## Sunday, May 16, 2010

This is the schematic version, if you just wanted hints.  The full solution is given in Solar Sails Addendum I.

Here we present a schematic solution of the differential equation:

$\frac{dr}{dt} = \left[ \frac{2\alpha}{m} \left( \frac{1}{r_0} - \frac{1}{r} \right)\right]^{1/2}$

This is just a separable equation, so we rearrange to get an integral equation:

$\int_{r_0}^{r_f} \frac{dr}{\left[ \frac{2\alpha}{m} \left( \frac{1}{r_0} - \frac{1}{r} \right)\right]^{1/2}} = \int_{0}^{t}dt$

From here it's nice to non-dimensionalize, so our integration variable is just a number (with no units attached).  This allows us to get the integral into a form like

$k\int_{1}^{u_f} \frac{du}{\left[ \left( 1 - \frac{1}{u} \right)\right]^{1/2}} = t$

for appropriate values of k and u.
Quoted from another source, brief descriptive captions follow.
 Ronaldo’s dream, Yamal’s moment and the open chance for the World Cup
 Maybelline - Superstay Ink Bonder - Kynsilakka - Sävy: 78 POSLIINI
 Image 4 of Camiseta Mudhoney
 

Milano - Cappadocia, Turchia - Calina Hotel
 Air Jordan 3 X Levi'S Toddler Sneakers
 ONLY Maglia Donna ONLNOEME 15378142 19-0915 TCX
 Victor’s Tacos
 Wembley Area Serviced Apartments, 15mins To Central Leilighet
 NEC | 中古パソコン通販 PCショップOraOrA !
Now we are ready to get started!  Typically, when I see something with a square root in the denominator that's giving me trouble, I just blindly try trig substitutions.  After an appropriate trig substitution, we get something of the form

$\int_{1}^{u_f} \frac{du}{\left[ \left( 1 - \frac{1}{u} \right)\right]^{1/2}} = \int_{x_0}^{x_f} -2\csc^3x dx$,

So now how do we solve this "easier" problem?  As a wise man once said, "When in doubt, integrate by parts."  So let's try that.
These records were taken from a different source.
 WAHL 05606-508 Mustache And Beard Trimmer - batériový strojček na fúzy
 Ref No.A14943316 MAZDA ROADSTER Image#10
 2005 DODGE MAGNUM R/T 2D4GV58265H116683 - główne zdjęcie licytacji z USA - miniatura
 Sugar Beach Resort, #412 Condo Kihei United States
$\left[ \mbox{HINT:} -\int_{x_0}^{x_f} \csc^3x dx = \int_{x_0}^{x_f}\csc x \left(-\csc^2x \right)dx \right]$

Remembering that integration by parts goes like

$\int u dv = uv - \int v du$

we can pick appropriate values of u and v to get something nice, which eventually leads to

$-\int_{x_0}^{x_f}\csc^3x dx = \csc x \cot x \Big |_{x_0}^{x_f} - \int_{x_0}^{x_f} \csc x dx + \int_{x_0}^{x_f} \csc^3 x dx$

But this is just what we want!  Rearranging we now have that

$-2\int_{x_0}^{x_f}\csc^3x dx = \csc x \cot x \Big |_{x_0}^{x_f} - \int_{x_0}^{x_f} \csc x dx$

Evaluating our integrals, we see that

$-2\int_{x_0}^{x_f}\csc^3x dx = \sqrt{u}\sqrt{u-1} + \ln{ | \sqrt{u} + \sqrt{u-1}|}$

And this is what we have sought from the beginning.  Plugging back in to our earlier equations and rearranging gives

$t = \left(\frac{m{r_0}^3}{2\alpha} \right)^{1/2}\left[\sqrt{u(u-1)} + \ln{\left( \sqrt{u} + \sqrt{u-1}\right)} \right]$

where u = r / r_0 is our non-dimensional distance measurement.  And this is (up to some algebra) exactly what we get in the initial post.